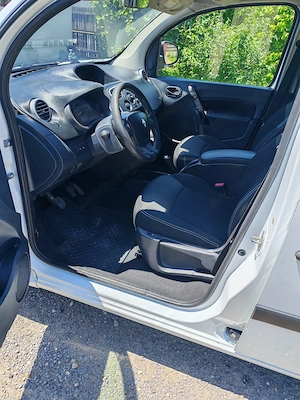 Vand Renault Cangoo - imagine 4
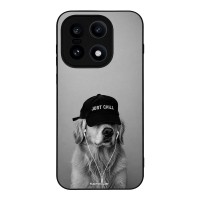 Θήκη Sonique Men's Edition για OnePlus 15 5G Just Chill Pup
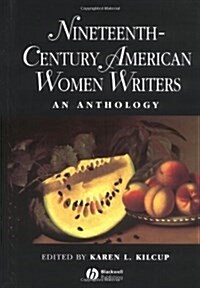 19th Century Amern Wmn Writers (Paperback)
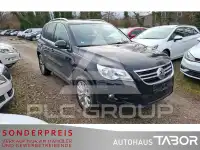2011 Volkswagen Tiguan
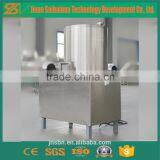 2016 Hot Sell High Quality Fried Food Machine Kurkure Equipment thumbnail-2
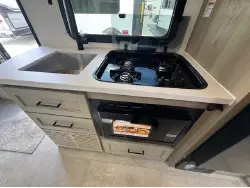 2026 FOREST RIVER ROCKWOOD GEO PRO G20FBS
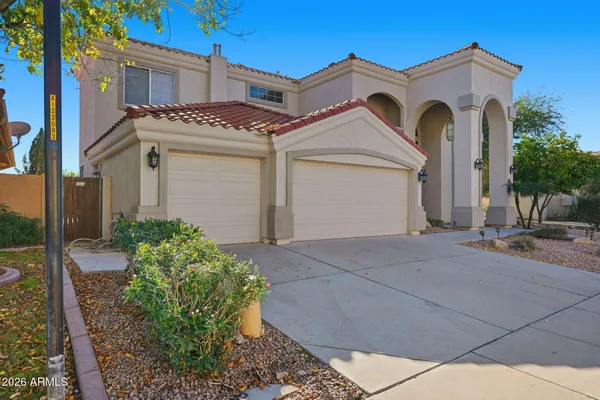 $3,995 | 1425 West Commerce Avenue, Gilbert, AZ 85233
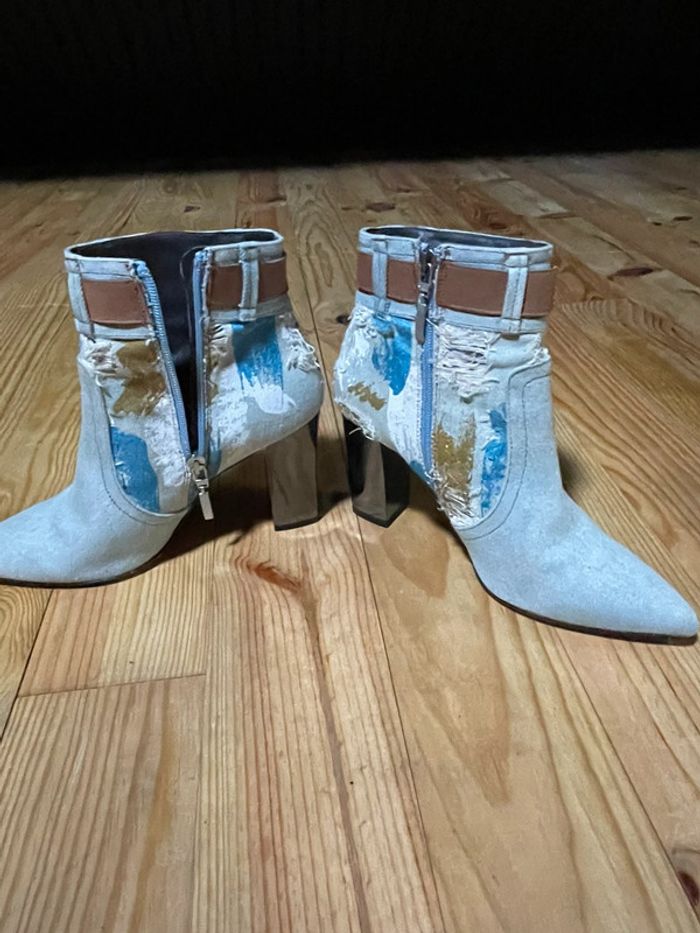 Botte Roberto botella - photo numéro 3
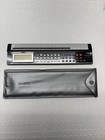 Casio Fx 190 Electronic Scale Scientific Calculator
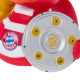 FC Bayern München Badeente - Erfolge - Quietscheente Double Gewinner Ente FCB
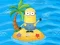 Minions Go Across The Pacific Ocean — δωρεάν online παιχνίδι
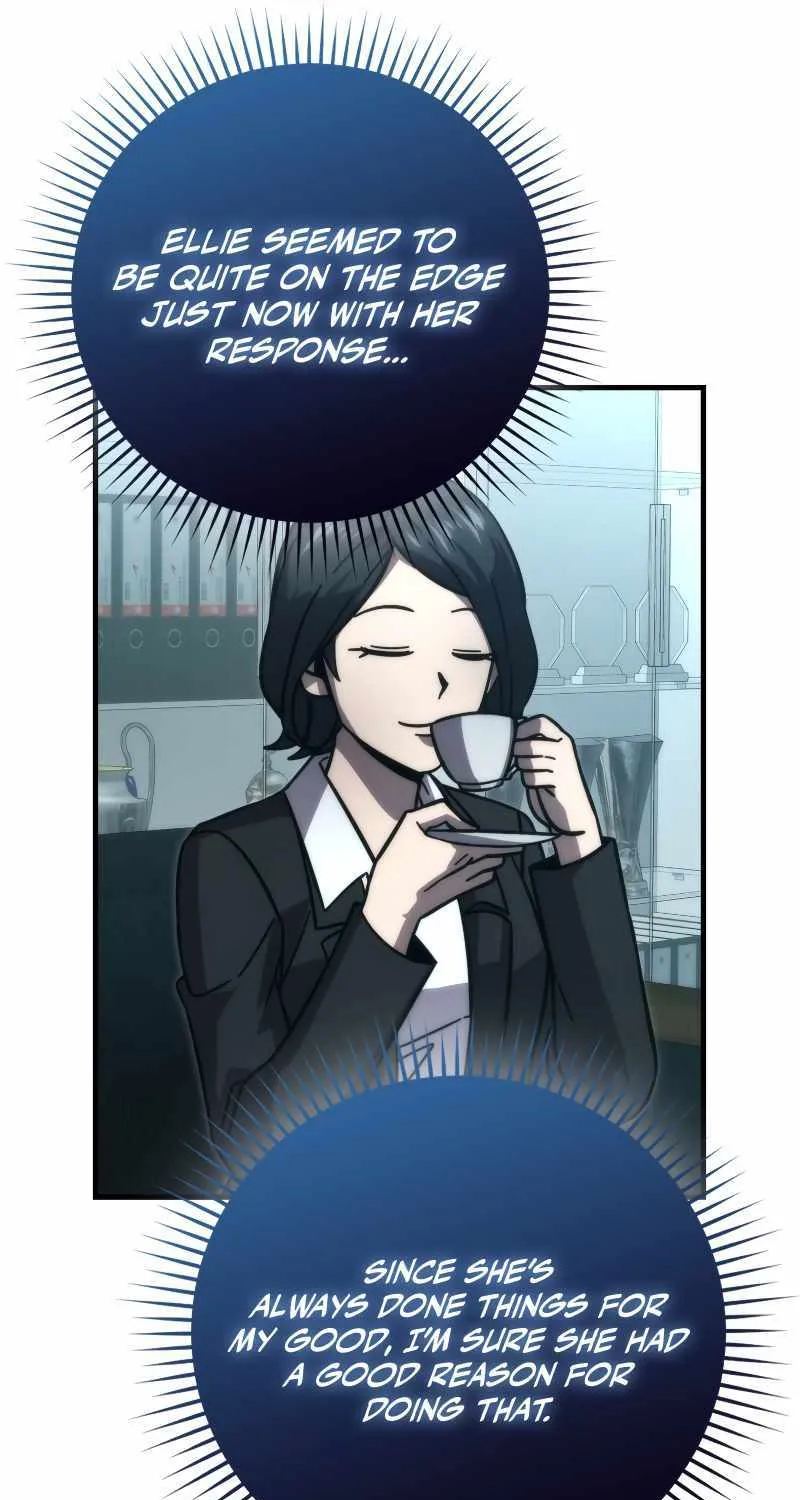 Demon Lord’s Martial Arts Ascension Chapter 61 page 45 - 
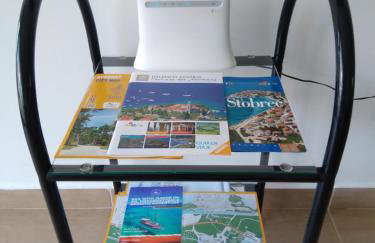 Apartment D&D Stobreč - Split - Foto 11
____________
» Problem requirements
Apart from the images, everything in the records must be repeated exactly.

» Result of the task
 Vand Renault Cangoo - imagine 4
 Θήκη Sonique Men's Edition για OnePlus 15 5G Just Chill Pup
 19th Century Amern Wmn Writers (Paperback)
2011 Volkswagen Tiguan
 2016 Hot Sell High Quality Fried Food Machine Kurkure Equipment thumbnail-2
 2026 FOREST RIVER ROCKWOOD GEO PRO G20FBS
 $3,995 | 1425 West Commerce Avenue, Gilbert, AZ 85233
 Botte Roberto botella - photo numéro 3
 Casio Fx 190 Electronic Scale Scientific Calculator
 FC Bayern München Badeente - Erfolge - Quietscheente Double Gewinner Ente FCB
 Minions Go Across The Pacific Ocean — δωρεάν online παιχνίδι
 Demon Lord’s Martial Arts Ascension Chapter 61 page 45 - 
 Apartment D&D Stobreč - Split - Foto 11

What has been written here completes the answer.